DATA SUPPLIED:
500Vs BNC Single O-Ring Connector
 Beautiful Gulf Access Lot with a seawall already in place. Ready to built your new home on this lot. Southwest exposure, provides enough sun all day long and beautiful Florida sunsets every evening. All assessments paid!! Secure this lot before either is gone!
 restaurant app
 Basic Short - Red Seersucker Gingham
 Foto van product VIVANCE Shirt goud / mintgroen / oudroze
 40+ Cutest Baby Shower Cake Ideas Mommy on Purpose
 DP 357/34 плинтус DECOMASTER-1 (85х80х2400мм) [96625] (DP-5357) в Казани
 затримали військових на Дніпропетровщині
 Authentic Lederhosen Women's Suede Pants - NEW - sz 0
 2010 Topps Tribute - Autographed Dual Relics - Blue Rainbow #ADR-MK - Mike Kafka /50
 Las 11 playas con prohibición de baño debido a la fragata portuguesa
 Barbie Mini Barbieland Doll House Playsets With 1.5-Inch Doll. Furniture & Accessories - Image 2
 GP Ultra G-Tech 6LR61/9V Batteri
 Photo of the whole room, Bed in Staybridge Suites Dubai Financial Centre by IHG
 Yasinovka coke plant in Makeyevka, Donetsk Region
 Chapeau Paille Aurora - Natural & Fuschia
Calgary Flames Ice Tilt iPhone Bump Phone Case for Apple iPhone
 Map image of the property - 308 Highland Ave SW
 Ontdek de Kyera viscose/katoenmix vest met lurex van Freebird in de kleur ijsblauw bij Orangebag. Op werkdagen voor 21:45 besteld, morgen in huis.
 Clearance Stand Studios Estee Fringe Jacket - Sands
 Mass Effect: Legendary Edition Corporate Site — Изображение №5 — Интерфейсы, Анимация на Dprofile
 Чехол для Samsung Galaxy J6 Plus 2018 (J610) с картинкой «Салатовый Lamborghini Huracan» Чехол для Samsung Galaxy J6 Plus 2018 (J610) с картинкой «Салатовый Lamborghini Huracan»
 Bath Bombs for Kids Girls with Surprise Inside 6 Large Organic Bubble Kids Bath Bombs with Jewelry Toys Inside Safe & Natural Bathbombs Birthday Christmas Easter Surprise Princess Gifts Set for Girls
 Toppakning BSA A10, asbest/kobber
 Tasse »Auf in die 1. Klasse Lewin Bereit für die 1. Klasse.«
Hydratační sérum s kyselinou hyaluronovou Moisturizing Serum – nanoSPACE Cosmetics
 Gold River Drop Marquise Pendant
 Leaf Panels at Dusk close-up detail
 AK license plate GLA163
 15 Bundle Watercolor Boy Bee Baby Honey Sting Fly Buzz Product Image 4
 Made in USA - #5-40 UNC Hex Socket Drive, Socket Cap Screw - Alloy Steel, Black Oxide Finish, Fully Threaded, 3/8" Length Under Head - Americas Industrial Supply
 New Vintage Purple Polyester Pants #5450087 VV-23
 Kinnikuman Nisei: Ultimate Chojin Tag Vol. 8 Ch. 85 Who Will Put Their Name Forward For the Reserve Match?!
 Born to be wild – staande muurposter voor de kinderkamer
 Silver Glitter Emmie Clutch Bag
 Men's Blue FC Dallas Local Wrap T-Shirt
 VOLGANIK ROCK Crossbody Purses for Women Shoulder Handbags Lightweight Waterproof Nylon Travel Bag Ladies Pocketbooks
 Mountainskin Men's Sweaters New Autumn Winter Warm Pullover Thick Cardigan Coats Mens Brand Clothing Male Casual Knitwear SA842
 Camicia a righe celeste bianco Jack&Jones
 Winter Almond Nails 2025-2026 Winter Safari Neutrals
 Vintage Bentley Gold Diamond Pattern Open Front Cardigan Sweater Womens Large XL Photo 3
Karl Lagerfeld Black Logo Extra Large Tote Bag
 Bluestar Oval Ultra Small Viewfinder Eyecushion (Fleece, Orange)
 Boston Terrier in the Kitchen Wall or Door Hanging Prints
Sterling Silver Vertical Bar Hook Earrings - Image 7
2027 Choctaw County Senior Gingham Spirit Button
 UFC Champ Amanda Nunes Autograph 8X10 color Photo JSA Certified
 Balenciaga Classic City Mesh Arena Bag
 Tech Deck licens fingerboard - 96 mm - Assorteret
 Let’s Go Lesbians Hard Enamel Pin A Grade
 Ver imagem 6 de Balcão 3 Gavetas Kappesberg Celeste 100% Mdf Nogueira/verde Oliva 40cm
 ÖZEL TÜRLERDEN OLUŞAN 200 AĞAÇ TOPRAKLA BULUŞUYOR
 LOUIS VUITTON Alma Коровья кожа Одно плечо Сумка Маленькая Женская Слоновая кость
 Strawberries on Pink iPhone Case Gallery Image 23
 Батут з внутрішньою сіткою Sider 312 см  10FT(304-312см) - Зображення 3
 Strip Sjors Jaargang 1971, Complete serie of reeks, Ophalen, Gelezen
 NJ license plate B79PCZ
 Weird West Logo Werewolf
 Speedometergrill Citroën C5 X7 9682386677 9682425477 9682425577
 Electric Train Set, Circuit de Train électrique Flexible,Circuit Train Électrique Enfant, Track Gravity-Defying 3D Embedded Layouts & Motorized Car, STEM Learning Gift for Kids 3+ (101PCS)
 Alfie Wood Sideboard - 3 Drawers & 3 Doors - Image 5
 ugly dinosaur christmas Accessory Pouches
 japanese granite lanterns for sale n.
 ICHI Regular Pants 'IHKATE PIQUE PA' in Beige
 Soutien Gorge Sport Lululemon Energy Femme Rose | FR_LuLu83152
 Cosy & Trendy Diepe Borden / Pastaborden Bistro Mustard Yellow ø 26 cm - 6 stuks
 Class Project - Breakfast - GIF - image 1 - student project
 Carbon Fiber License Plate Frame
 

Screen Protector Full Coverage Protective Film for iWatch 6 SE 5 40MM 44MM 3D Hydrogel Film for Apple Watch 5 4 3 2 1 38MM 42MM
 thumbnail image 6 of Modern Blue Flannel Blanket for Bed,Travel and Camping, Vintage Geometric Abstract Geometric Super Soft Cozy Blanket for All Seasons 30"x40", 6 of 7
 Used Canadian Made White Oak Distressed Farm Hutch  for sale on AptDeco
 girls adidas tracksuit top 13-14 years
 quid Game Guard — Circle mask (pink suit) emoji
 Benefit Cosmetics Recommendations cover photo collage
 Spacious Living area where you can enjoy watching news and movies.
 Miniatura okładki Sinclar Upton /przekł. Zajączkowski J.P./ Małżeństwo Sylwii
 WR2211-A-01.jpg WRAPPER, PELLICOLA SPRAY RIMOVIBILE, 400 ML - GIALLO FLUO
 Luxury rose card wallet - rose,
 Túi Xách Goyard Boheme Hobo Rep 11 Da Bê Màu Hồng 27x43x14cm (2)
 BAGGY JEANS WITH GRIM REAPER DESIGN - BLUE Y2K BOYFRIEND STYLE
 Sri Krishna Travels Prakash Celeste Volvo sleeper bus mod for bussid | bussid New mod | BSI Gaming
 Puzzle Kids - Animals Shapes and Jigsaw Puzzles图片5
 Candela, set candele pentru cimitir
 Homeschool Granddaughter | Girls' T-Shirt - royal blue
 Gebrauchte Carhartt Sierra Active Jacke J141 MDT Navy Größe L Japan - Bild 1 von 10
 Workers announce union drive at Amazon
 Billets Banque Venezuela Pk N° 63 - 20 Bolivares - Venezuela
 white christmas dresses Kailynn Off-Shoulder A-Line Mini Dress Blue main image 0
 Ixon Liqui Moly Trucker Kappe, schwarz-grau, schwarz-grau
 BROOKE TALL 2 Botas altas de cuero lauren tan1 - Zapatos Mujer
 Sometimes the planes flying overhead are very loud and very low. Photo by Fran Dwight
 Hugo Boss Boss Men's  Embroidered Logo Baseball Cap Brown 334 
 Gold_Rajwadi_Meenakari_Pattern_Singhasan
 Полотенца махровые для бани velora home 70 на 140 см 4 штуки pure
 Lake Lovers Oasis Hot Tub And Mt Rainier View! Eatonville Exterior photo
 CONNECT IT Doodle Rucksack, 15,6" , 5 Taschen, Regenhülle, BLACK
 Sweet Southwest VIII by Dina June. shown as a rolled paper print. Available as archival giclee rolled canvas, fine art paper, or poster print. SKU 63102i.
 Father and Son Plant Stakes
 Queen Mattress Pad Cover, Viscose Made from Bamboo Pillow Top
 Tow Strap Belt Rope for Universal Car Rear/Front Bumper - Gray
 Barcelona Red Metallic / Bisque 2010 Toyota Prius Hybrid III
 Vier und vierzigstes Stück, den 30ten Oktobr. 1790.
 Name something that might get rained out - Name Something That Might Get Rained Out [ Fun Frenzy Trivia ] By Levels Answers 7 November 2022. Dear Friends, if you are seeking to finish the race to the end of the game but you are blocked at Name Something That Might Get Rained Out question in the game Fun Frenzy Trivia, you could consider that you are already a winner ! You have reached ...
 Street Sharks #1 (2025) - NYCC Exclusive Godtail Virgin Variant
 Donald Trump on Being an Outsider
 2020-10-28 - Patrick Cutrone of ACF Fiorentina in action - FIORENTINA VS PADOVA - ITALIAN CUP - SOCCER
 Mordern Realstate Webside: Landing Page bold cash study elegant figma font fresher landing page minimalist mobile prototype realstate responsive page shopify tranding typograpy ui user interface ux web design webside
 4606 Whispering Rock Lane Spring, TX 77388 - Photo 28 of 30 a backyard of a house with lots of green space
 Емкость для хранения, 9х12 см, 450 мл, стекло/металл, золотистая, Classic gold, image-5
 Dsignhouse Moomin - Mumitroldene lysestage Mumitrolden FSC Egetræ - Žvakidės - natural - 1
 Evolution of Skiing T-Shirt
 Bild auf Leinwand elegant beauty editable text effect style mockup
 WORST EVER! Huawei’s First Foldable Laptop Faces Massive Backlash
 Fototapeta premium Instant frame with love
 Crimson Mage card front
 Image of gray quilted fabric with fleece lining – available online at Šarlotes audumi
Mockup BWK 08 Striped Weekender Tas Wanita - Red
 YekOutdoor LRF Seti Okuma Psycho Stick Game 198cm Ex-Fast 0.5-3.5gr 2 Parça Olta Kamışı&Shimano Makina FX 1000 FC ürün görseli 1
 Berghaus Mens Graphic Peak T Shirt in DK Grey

TASK PROMPT:
Output exactly the span of lines beginning at the first line of the records and ending at the line that holds "Ontdek de Kyera", inclusive, with no other text.

YOUR RESPONSE:
500Vs BNC Single O-Ring Connector
 Beautiful Gulf Access Lot with a seawall already in place. Ready to built your new home on this lot. Southwest exposure, provides enough sun all day long and beautiful Florida sunsets every evening. All assessments paid!! Secure this lot before either is gone!
 restaurant app
 Basic Short - Red Seersucker Gingham
 Foto van product VIVANCE Shirt goud / mintgroen / oudroze
 40+ Cutest Baby Shower Cake Ideas Mommy on Purpose
 DP 357/34 плинтус DECOMASTER-1 (85х80х2400мм) [96625] (DP-5357) в Казани
 затримали військових на Дніпропетровщині
 Authentic Lederhosen Women's Suede Pants - NEW - sz 0
 2010 Topps Tribute - Autographed Dual Relics - Blue Rainbow #ADR-MK - Mike Kafka /50
 Las 11 playas con prohibición de baño debido a la fragata portuguesa
 Barbie Mini Barbieland Doll House Playsets With 1.5-Inch Doll. Furniture & Accessories - Image 2
 GP Ultra G-Tech 6LR61/9V Batteri
 Photo of the whole room, Bed in Staybridge Suites Dubai Financial Centre by IHG
 Yasinovka coke plant in Makeyevka, Donetsk Region
 Chapeau Paille Aurora - Natural & Fuschia
Calgary Flames Ice Tilt iPhone Bump Phone Case for Apple iPhone
 Map image of the property - 308 Highland Ave SW
 Ontdek de Kyera viscose/katoenmix vest met lurex van Freebird in de kleur ijsblauw bij Orangebag. Op werkdagen voor 21:45 besteld, morgen in huis.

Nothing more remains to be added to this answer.